← All Posts

Three Types of Data February 5, 2020

In my work I've developed a mental framework related to data modeling, which has helped greatly both when coming up with a model and when making decisions down the road about how to use that model. Here I will establish three different categories of data in software: Constants, State, and Cached Values. By "data" I generally mean "variables in code", but the same principles could be applied to files on a disk, or tables in a database, or whatever else.

These three categories are disjoint: that is, if a piece of data falls into one of them, it should not also be treated like one of the others. Different languages will vary in their ability to express this constraint via the type system or otherwise, so it's better to think of it as a convention or a frame of mind (though if you can actually enforce it, that is of course all the better). Always ask yourself which category a given piece of data belongs to, and then adhere to the rules around that category when working with it. In my experience, any program's data needs can be roughly expressed in terms of these three categories alone.

It's important to note that these are high-level categories of usage: what purpose is served, what operations should or should not be allowed, what assumptions can be made. These are not directly equivalent to other uses of the terms "constant", "state", and "cache", and while concepts like immutability may be loosely relevant, I'm purposely expressing these ideas in a language-agnostic and style-agnostic way.

I also want to note that there's a lot of philosophical overlap between this and my previous post ("Procedures, Functions, Data"). That one categorized logic where this one categorizes data, but the ideas are very similar. Still, I felt that the ideas contained here were independently useful enough to deserve their own post.

Let's get started.

Constants #

A Constant, in this context, is information that doesn't change during the course of running the program.

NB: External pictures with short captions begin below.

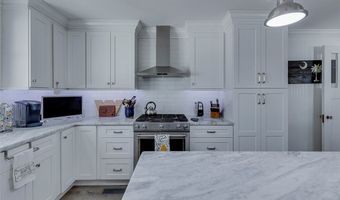 402 Brown Ave, Belton, SC 29627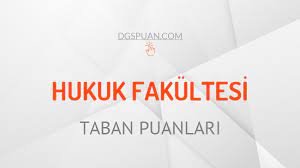 Jun 07, 2021 · 101150871 | ankara üniversitesi hukuk büro yönetimi ve sekreterliği bölümü (2 yıllık önlisans) 2020 taban, tavan puanları ve başarı sıralamasını haberimizde bulabilirsiniz. Dgs Hukuk Fakultesi 2021 Taban Puanlari Dgspuan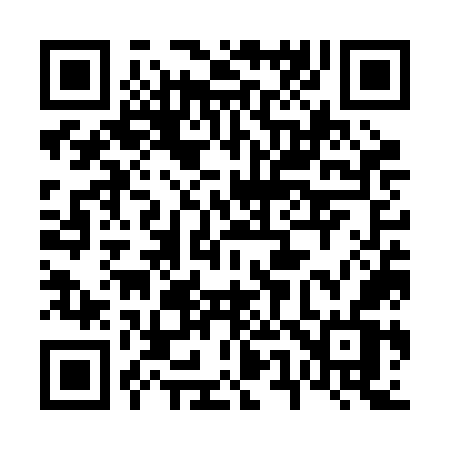 QR code for 657ROV
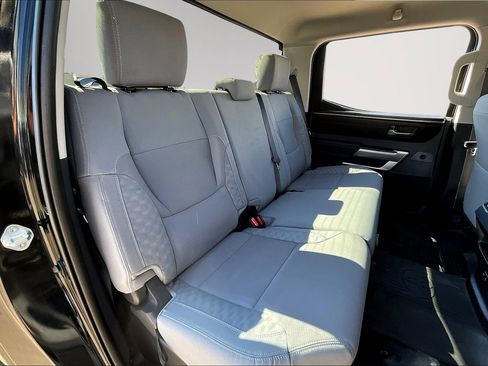 Used 2024 Toyota Tundra SR5 image 26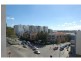 21/863 Wellington Street, West Perth WA 6005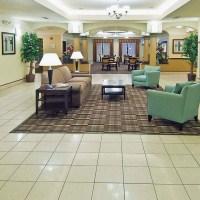 Las mejores ofertas de La Quinta Inn & Suites by Wyndham Houston/Clear Lake-Nasa Houston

This may correspond to the const keyword in many languages, though some, like JavaScript, can't enforce it recursively down the object tree. Immutable data structures could be used to help enforce it, although it's not quite what they're designed for (more on this under the State heading). It could also take the form of a configuration file, or a command-line argument. A Constant may be changed over the course of development, but not over the course of runtime.

State #

State is information that naturally changes during the course of running the program.

Often this consists of mutable values. It can also consist of immutable data structures, whose express purpose is to allow you to have State without mutability (in them, new States are derived from the previous State combined with some new information). Even monad-based I/O, in languages like Haskell, falls into this category.

Any program that does more than convert a set of inputs to a set of outputs has State. That includes not only graphical interfaces and video games, but web servers, operating systems, and control software. Even programs written in languages like Clojure and Haskell can have state; they just massage it into a form where it's as un-stateful as possible.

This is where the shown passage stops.